Let us analyze the evolution of the dependences ρ_xx(V_g) with temperature in the range from 80 mK to 21 K (Fig. 2a). At the charge-neutrality point and in its vicinity (i.e., in the range of \(V_{{\text{g}}}^{*}\) from –1 to 1 V), the system demonstrates dielectric behavior: the resistivity increases from 5 to 500 kΩ/□ upon cooling from 21 to 1 K. With a further decrease in the temperature, the peak resistivity is saturated, increasing further by only 15% (i.e., to 600 kΩ/□) at the lowest temperature (80 mK). The peak itself becomes broader with respect to the gate voltage and a flat segment is formed at its top, indented with random quantum fluctuations of the resistivity. This behavior of ρ_xx(V_g) is typical of a 2D TI: the saturation of the temperature dependence at T < 1 K corresponds to the transition from the bulk conductivity regime to the conductivity through topological edge channels. We note that the resistivity determined per unit area becomes irrelevant in the edge transport regime, because the physically meaningful quantity in this case is the edge length L, which equals about 200 μm for the section of the Hall bar we used (Fig. 1b). In the approximation where the edge channel resistance depends linearly on its length [7], we find that the mean free path equals l_B = L[(h/e²)/2R_loc = 2.4 × 10⁶ Ω)] = 2.2 μm. This value agrees with those obtained for other typical samples based on HgTe quantum wells.

Fig. 2.

(Color online) Gate-voltage dependences of the (a) local resistivity ρ_xx(\(V_{{\text{g}}}^{*}\)) and (b) nonlocal resistance \(R_{{{\text{nonloc}}}}^{{{\text{near}}}}(V_{{\text{g}}}^{*})\) for B = 0 and T = 0.08, 0.13, 0.28, 0.53, 0.8, 1.1, 1.8, 2.6, 3.6, 5.2, 6.8, 8.6, 10, 12, 15, and 21 K. (c) Dependences ρ_xx(B) measured near the charge-neutrality point (\(V_{{\text{g}}}^{*}\) = –0.1 V) at the same temperature. The insets show the arrangement of current and potentiometric contacts (red and blue, respectively).
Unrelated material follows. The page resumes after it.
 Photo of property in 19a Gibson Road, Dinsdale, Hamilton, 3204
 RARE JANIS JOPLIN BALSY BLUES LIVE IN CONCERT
To check that the investigated quantum well features nonlocal conductivity, which is a property characteristic of 2D TIs, we investigated the nonlocal transport response in two different configurations where the current and potentiometric contacts were separated by distances of 100 μm (see Fig. 1b and the inset in Fig. 2b) and 350 μm (not shown). The results obtained in the two cases are in qualitative agreement and fit quantitatively into a single physical picture. To save space, we omit the data for the 350-μm configuration (but they are taken into account in simulations, Figs. 3c and 3d). The dependences of the nonlocal resistance \(R_{{{\text{nonloc}}}}^{{{\text{near}}}}(V_{{\text{g}}}^{*})\) for the first configuration of the contacts are shown in Fig. 2b. At first glance, these curves reproduce the gate-voltage dependences of ρ_xx, but there are also important differences. At high temperatures (T > 5 K), the nonlocal resistance is several orders of magnitude lower than the local resistance, which is typical of systems with bulk conductivity. However, as the temperature is reduced, the peak nonlocal resistance becomes comparable to and then even higher than the local resistance and is as high as 2.8 MΩ at T = 80 mK. This value is in fairly good agreement with a theoretical value of 4 MΩ calculated using the actual length of topological channels (Fig. 1b) and the mean free path of l_B = 2.2 μm. The 30% difference is related to the impact of disorder in the system [5] and, to a lesser extent, to the imperfection of optical lithography (asymmetric placement of the gate with respect to the center of the Hall bar).

Fig. 3.

(Color online) (a) Schematics of current flows for (top part) bulk and (bottom part) edge transport regimes in the (left part) local and (right part) nonlocal geometries. (b, d) Fits of the gate-voltage dependences of the local resistance R_xx and the nonlocal resistances \(R_{{{\text{nonloc}}}}^{{{\text{near}}}}\) and \(R_{{{\text{nonloc}}}}^{{{\text{far}}}}\) measured with the current and potentiometric contacts separated by distance of 100 and 350 μm, respectively. The temperature is T = (b) 0.5 and (d) 1.5 K. Circles and solid lines show experimental points and simulation results, respectively. (c) Two scattering mechanisms taken into account in the model. Intra-edge-state scattering (γ) requires the presence of electron–hole droplets where spin flips take place. For scattering into the bulk (g), spin flips is inessential.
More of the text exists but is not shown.